The five-bay nave has octagonal ends and three-bay north and south wings. The nave has tall, round-arched windows. The south wing has four Ionic columns supporting a pediment in the form of a portico over a central double-door which also has a pediment. There are round-arched windows at ground-floor level and square windows above. The north wing is plain with central entrance with an architrave and pediment. The vestry is to the north-east and has a round-arched entrance and door flanked by tapering pilasters supporting a frieze and cornice. There is a chapel to south-east.



Inside, the bay divisions are marked by fluted Corinthian pilasters. A west gallery with a panelled front containing the organ is supported by Tuscan columns. The shallow vaulted ceiling has an elaborate frieze terminating in shallow segmental coving.

Fixtures and fittings

The tower contains eight bells, five cast in 1792 by Thomas Mears, and three in 1899 by Mears & Stainbank at the Whitechapel Bell Foundry.

The church is furnished with straight-backed panelled pews with rounded ends. The communion rail is made from green/brown marble. An octagonal panelled pulpit dated 1917 was given in memory of Richard and Martha Ann Popplewell.

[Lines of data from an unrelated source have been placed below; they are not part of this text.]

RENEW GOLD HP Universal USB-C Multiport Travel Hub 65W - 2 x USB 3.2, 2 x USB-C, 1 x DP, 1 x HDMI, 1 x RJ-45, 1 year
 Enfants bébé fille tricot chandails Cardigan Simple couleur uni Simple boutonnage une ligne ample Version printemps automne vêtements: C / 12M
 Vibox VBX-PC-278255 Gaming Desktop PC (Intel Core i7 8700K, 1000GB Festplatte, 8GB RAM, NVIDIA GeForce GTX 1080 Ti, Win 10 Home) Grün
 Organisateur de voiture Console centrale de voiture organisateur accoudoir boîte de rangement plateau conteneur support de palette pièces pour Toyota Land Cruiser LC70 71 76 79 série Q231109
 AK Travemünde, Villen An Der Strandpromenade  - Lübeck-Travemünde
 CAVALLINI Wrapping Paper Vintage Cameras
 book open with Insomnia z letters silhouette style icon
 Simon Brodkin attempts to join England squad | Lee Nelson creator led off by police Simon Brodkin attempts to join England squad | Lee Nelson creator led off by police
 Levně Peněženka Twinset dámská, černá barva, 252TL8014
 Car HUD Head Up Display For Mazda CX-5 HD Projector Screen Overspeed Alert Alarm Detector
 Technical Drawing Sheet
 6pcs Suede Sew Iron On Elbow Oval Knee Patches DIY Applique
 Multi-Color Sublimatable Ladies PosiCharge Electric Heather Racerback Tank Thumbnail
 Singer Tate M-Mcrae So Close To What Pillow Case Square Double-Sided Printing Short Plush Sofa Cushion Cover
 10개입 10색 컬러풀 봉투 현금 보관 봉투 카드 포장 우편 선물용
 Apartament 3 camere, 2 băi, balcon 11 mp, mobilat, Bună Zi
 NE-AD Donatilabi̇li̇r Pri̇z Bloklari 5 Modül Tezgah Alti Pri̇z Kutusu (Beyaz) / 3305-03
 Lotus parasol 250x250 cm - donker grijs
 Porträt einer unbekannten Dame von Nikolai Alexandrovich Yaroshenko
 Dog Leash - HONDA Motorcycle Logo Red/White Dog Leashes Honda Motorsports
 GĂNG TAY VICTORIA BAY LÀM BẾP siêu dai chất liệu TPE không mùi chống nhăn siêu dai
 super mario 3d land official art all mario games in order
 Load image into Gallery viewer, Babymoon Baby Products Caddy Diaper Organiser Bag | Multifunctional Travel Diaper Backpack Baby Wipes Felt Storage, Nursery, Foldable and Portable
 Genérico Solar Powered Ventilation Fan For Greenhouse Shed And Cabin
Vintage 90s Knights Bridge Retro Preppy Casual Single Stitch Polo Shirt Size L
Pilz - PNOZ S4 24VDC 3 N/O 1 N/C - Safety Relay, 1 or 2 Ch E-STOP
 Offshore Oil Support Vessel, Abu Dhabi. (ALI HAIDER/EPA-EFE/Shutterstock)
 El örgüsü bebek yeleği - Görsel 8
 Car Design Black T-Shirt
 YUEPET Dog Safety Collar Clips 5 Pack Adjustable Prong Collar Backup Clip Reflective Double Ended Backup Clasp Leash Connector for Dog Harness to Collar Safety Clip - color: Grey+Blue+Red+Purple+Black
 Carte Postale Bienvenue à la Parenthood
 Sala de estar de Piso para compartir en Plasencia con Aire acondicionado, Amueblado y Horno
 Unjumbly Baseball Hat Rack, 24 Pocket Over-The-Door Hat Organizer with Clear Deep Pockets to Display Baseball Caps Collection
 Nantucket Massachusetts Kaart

There are memorials to John Carr and his family in the chancel. Carr was buried in a vault along with some of his nephew's family – John Carr of Carr Lodge, Horbury, his wife, Hannah Maria (Marsden) and one of their granddaughters, that had been forgotten until its discovery in 1950, when repairs were made to the vestry floor.

Above the door contains a Funerary hatchment for John Carr of Carr Lodge. This contains a black dexter for John Carr and a white one for his wife, Hannah Maria (Marsden) daughter of William Marsden of Wakefield.